Large pharmacy chains, such as CVS Caremark, point their fingers at “prescription-happy” doctors. In August of 2013, CVS announced that it would no longer honor prescriptions from doctors and other healthcare providers that were noted as prescribing painkillers at unusually high rates. CVS Caremark identified over 36 healthcare professionals with “extreme patterns of prescribing high-risk drugs” by checking their prescription rates against those of healthcare providers in similar specialties and geographic regions with patients of comparable demographics.

The United States government is looking for solutions to the country-wide drug poisoning epidemic on the federal and state levels. The Drug Enforcement Administration (DEA) is cracking down on pharmacy chains, as it believes these companies are major contributors to the wide-spread abuse, misuse, and overdose of prescription high-risk drugs. Consequently, the push for CVS Caremark’s prescription policy change was a result of such pressure from government authorities.

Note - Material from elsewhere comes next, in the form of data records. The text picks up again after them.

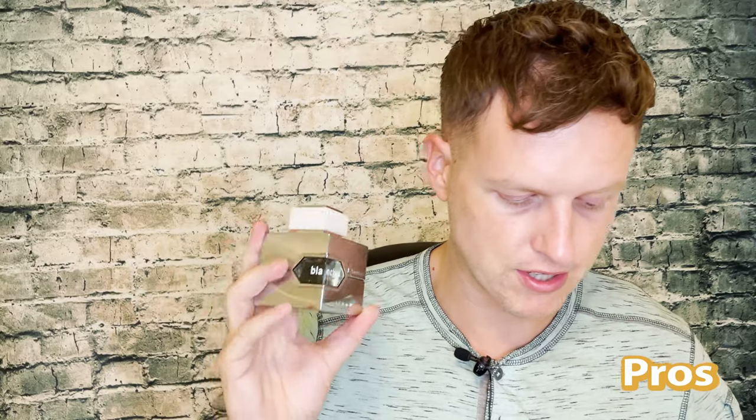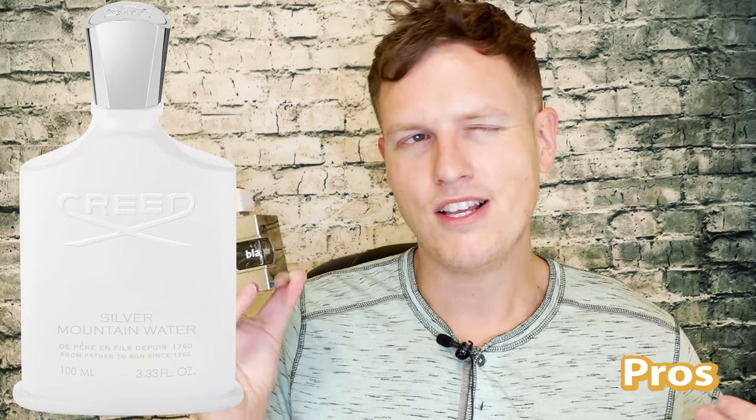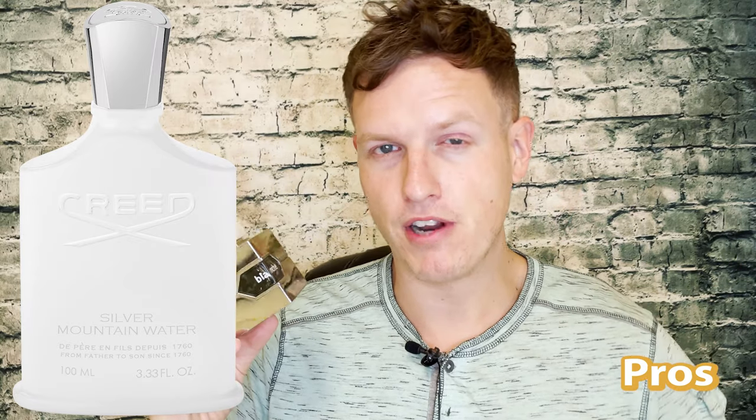Coming from something like Derby Clubhouse Silver, which had a very off-putting weird vibe, most of the silver mountain water clones I've tried recently actually don't have that off-putting vibe — they smell pretty good. There's no real rough or off-putting vibe to this, which I really appreciate. I definitely think it has similar if not better projection than the original silver mountain water, which didn't project that much to begin with.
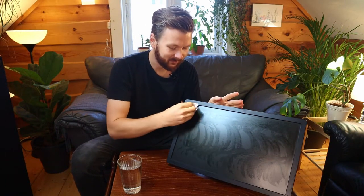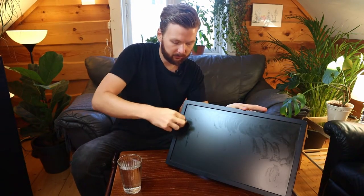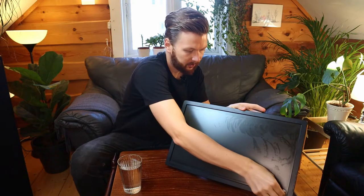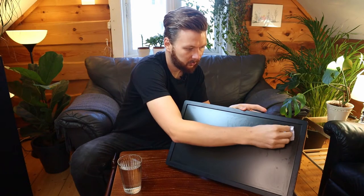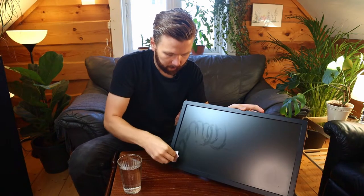We're going to start to wipe off the water on the screen. You want to make sure that you get the corners as well, as they tend to be a little bit more difficult to clean with the circles. So just make your way all along the screen.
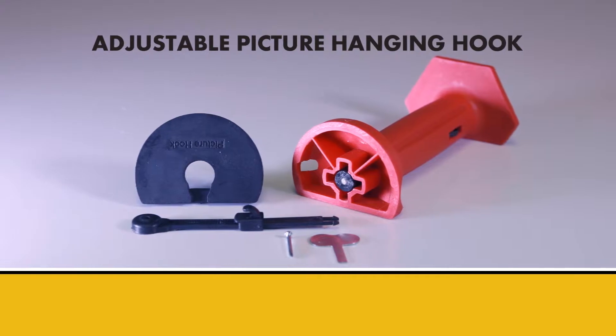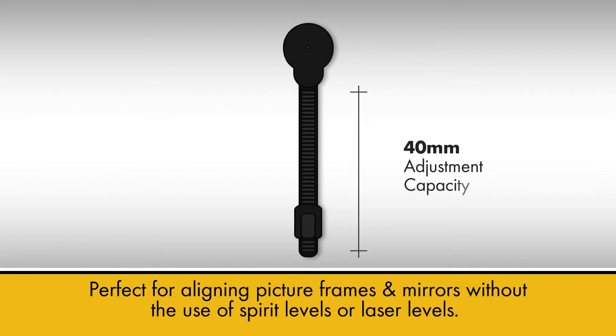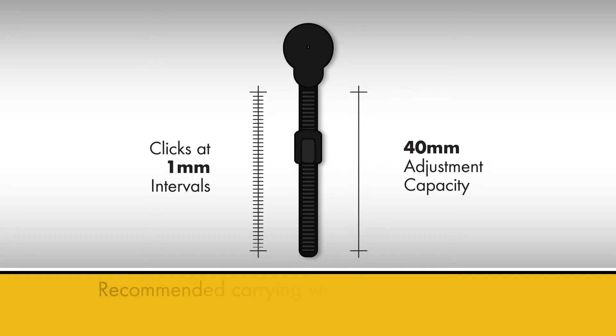The adjustable picture hanging hook — picture and mirror hanging and alignment made easy. The revolutionary new adjustable hanging hook works on the same principle as a cable tie, with a difference.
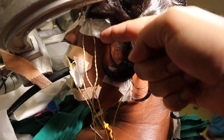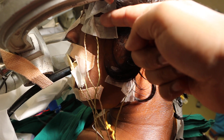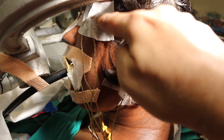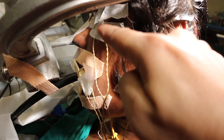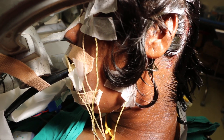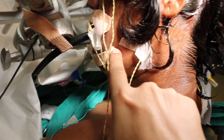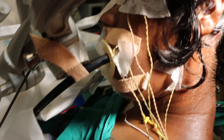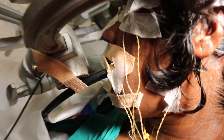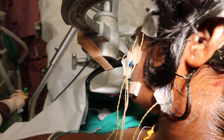Two leads are on the eye: one is for the lateral rectus, which has been slid along the lateral angle of the orbit; two leads are for the orbicularis oris and orbicularis oculi; another one for the masseter; another one for the trapezius. The endotracheal tube has a lead for the vocal cords — that is the tenth cranial nerve.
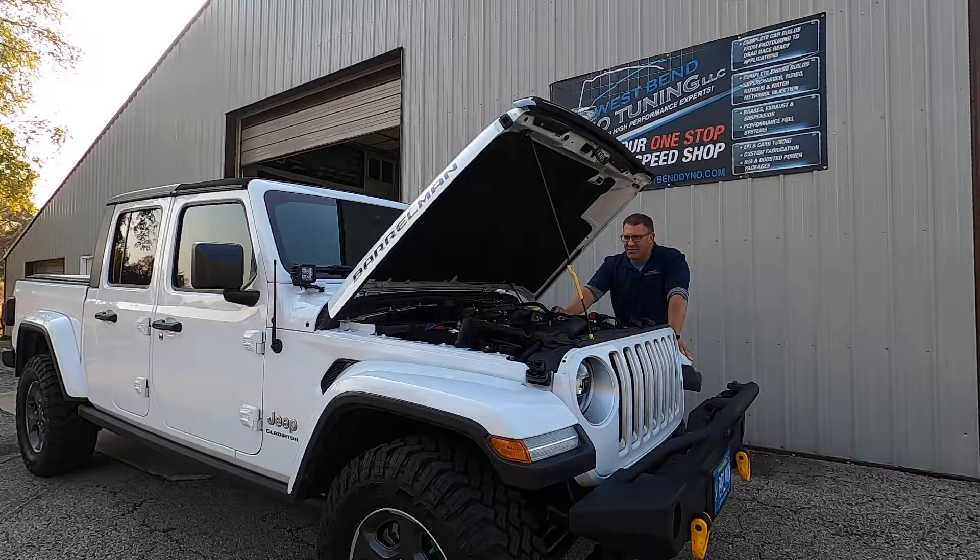So one of the things that we can do to fix that is add a Magnuson supercharger. In this video we will show you the step-by-step process with before and after results on how to get a little more performance out of your Jeep Gladiator.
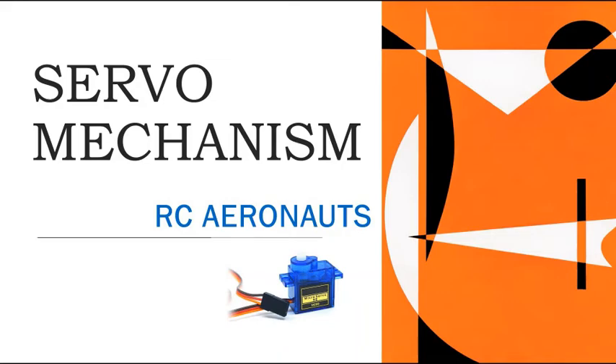Hello everyone. Welcome to RC Aeronauts. This video is specially for all those people who have just started aeromodeling and for those people who don't know how servo mechanism is done.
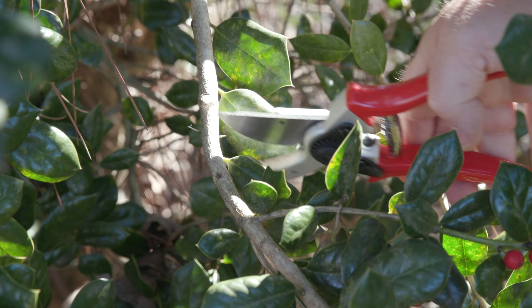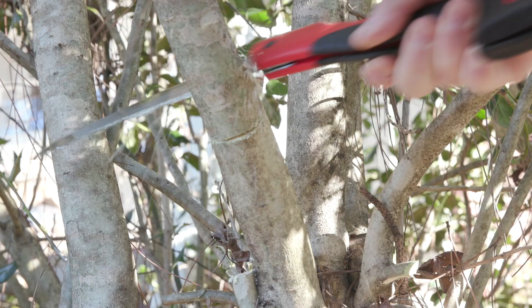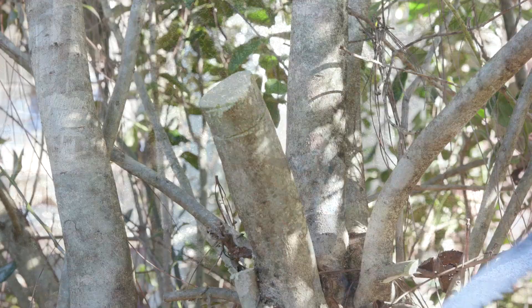The pruning tools will vary depending on the diameter of the branches and limbs. While a small hand clipper could easily cut back branches up to three quarters of an inch, larger branches up to one and three quarters will require loppers. Pruning saws with their razor sharp teeth work well on larger branches and for the main trunks.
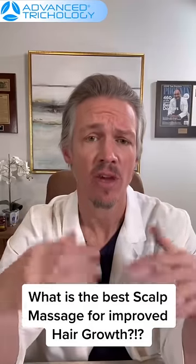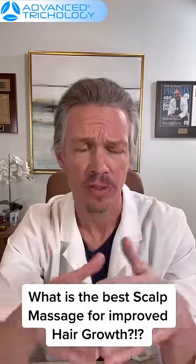How to massage your head for proper hair regrowth and circulation. People oftentimes want to really scrub the surface of the scalp when they massage their head.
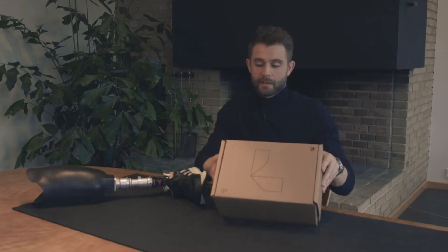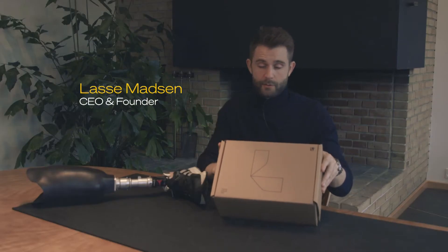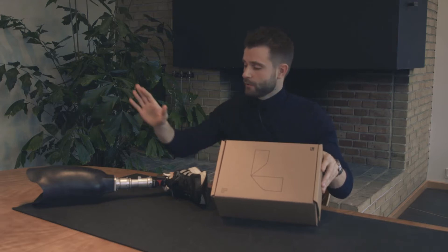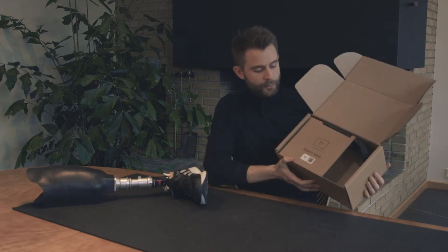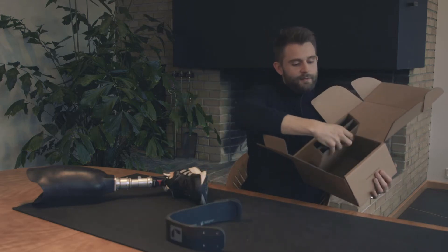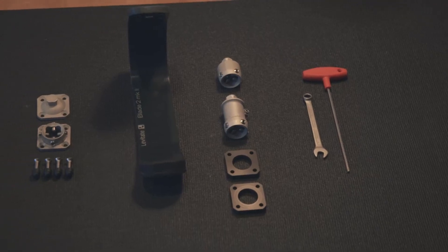In the box you have everything you need: the blade, the tools for installation, and all the components needed to install it to your existing socket. When you open up the box you will find the instruction video on how to assemble it. You will find your blade and all the tools that you need to install it.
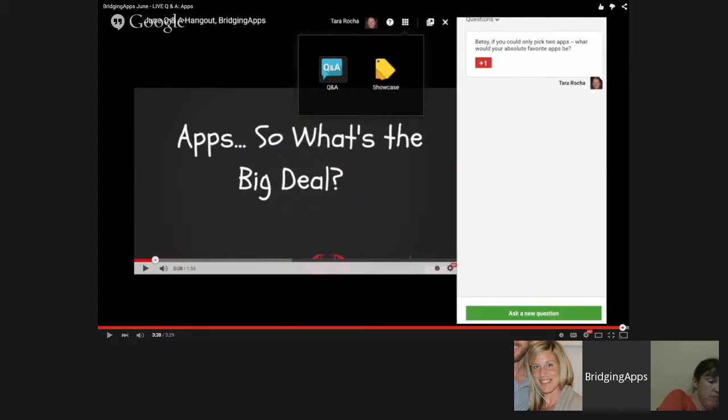Without anything else, I'm going to stop sharing my screen.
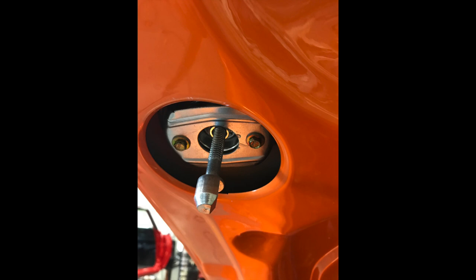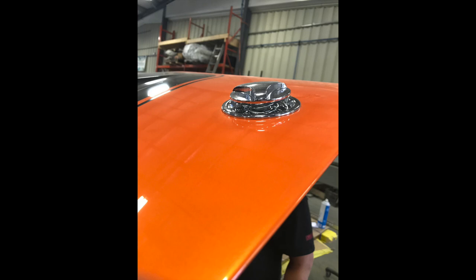This is the underside of the hood lock with the pin lock. That's how it looks up on top of the hood when it's open.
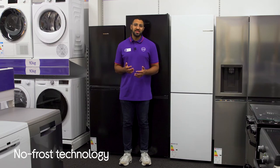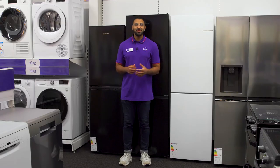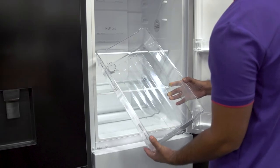You can make the most of your freezer space with no frost technology eliminating ice buildup. It also helps you enjoy your fruit and veg at their best, as the multi-box drawer has a wave shape that helps to keep them fresher for longer.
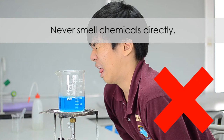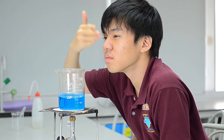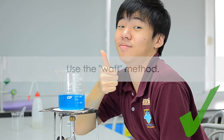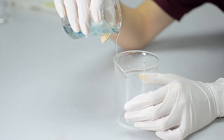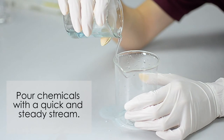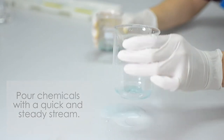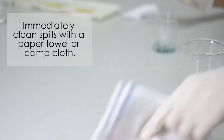Never smell chemicals directly, as they may emit fumes that damage your lungs. Instead, cup your hands above the container and slowly waft the air towards your face. When pouring liquid chemicals, it is important to ensure that you do it with a quick steady stream and not like the one in the video.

Newsday published an article in September 2013, documenting the success of New York State’s new online system for tracking prescription pill abuse. The system looks for doctor shopping, a practice described as “when patients visit a number of doctors in search of prescriptions for pain pills.” The state-wide system, known as Internet System for Tracking Over-Prescribing or I-STOP, detected over 200 cases of pill abuse in New York within the first three days of the system’s implementation.

In coordination with New York State’s new prescription drug abuse tracking system, NY law now requires real-time reporting to the I-STOP system by pharmacists upon filling opioid prescriptions. New York is also breaking ground as the first state to legally require physicians to consult patients on their prescription histories before prescribing them opioid drugs in hopes of stopping doctor shoppers in their tracks.

It seems as though over-prescribing healthcare providers, pharmacies, and doctor shoppers are all contributors to the overall issue of increased death and injury by drug poisoning in the US. We can only hope that further systems and legislation will be put in place to slow the prescription overdose epidemic.